Jeremy claims that if an away message is more than one line long, it all starts to run together for him. Ouch.

So, here's something unlike me. Well, the idea of it is very much me, but the actual follow-through is very not me. In case no one's noticed yet, I worship men. I don't have a type. Long-haired, short-haired, blue-eyed, brown-eyed, fat, thin - they're all beautiful to me. So, it's no surprise that I worshipped a man in my math recitation this quarter. I actually didn't know that HE was in my math recitation for quite a while, since I made myself sit in the front in an attempt to learn to concentrate. However, I went to seek help from my teacher's assistant one day after class, and while I waited for him to finish with another student, HE came over to compare answers with me and to see if HE could help me out. I had never seen HIM before, but wow, was HE beautiful. HE was wearing one of those gray knit hats that thieves always wear in movies, and HE was unshaven, and HE smelled like Spring rain and baby powder and tangerines and chocolate and everything that I love all scooped up and smooshed together and spread on HIM like butter. HE explained to me trigonometric identities and personal identity and the meaning of life in a mere five minutes. Amazing, HE was. During math recitation a few days later, HE came in and sat down. Halfway through the quarter, and I had just taken the time to notice that I spent every Tuesday and Thursday in HIS omniscient presence. I tried to not look at HIM. And HE didn't look at me at all, but I attribute that to the fact that I always sit and talk with two other guys and a girl in my little corner of the room, and HE was obviously always in awe of my ability to be adored by so many when I'm clearly the only one who adores HIM. I ran into HIM at my TA's office again while turning in some homework late one day, and HE was wearing cherry-red shoes. I need not mention more about that, yes?

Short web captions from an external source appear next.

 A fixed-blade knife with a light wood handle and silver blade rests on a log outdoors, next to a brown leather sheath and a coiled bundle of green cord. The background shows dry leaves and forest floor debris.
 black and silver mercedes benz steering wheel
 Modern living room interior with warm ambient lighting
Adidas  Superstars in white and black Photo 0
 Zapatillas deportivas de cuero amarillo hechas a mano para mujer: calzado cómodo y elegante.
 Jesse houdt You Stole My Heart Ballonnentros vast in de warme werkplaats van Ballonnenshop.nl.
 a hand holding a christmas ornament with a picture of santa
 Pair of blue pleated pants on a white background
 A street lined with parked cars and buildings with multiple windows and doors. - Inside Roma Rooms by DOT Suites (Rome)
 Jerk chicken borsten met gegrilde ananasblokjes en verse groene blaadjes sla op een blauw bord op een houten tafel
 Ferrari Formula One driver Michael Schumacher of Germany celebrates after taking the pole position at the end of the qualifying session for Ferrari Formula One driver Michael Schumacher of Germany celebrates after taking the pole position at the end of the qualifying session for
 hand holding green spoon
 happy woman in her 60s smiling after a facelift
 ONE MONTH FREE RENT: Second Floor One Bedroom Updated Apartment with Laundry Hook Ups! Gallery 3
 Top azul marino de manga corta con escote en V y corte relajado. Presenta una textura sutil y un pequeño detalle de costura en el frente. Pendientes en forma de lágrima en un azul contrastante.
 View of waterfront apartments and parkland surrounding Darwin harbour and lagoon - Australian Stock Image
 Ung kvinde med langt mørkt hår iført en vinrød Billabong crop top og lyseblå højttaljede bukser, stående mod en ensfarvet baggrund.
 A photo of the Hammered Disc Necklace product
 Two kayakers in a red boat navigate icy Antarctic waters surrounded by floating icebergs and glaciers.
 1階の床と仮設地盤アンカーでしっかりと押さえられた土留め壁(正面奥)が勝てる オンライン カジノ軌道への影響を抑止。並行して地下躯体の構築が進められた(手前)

So, last night was our final exam. I didn't see HIM come in, but about two minutes into the exam, I saw HIM off to my right and up a few rows. It wasn't good for me, because even after I dealt with the fact that I wasn't going to actually do any of my exam with HIM there, I had to deal with the fact that I had to turn my entire head in order to see HIM, which made my ogling all the more obvious. HE got up to use the restroom at one point, and as HE was walking down to give HIS test to our TA, I noticed what HE was wearing. I mean, whoa. A black shirt that showed off HIS stocky build. Little black leather boots. And these AMAZING pants. Gray. Tight. Oww. I basically admired HIM all night, and I decided that right before I left, right at the end of our time together when I have little to no chance of ever seeing HIM again, I would just drop HIM a little note. So, when I finally tore myself away from HIM long enough to complete my exam, I extracted a slice of paper from my notebook, looked around to make sure that no one was going to accuse me of cheating, and wrote:

Just wanted to let you know that you look BEAUTIFUL tonight.
Those pants - delicious.
Thank you for making math class worth coming to.

Then, I calmly turned in my exam, walked back up the stairs to HIS desk, and placed it on top of HIS exam without a word. HE glanced at it, but I didn't want HIM to have a chance to say anything, so I turned and walked away. It was beautiful. I constantly tell strangers that I'd like to bear their children and whatnot, but telling is different than writing something that can be used later as physical proof. It was a good night for Katie.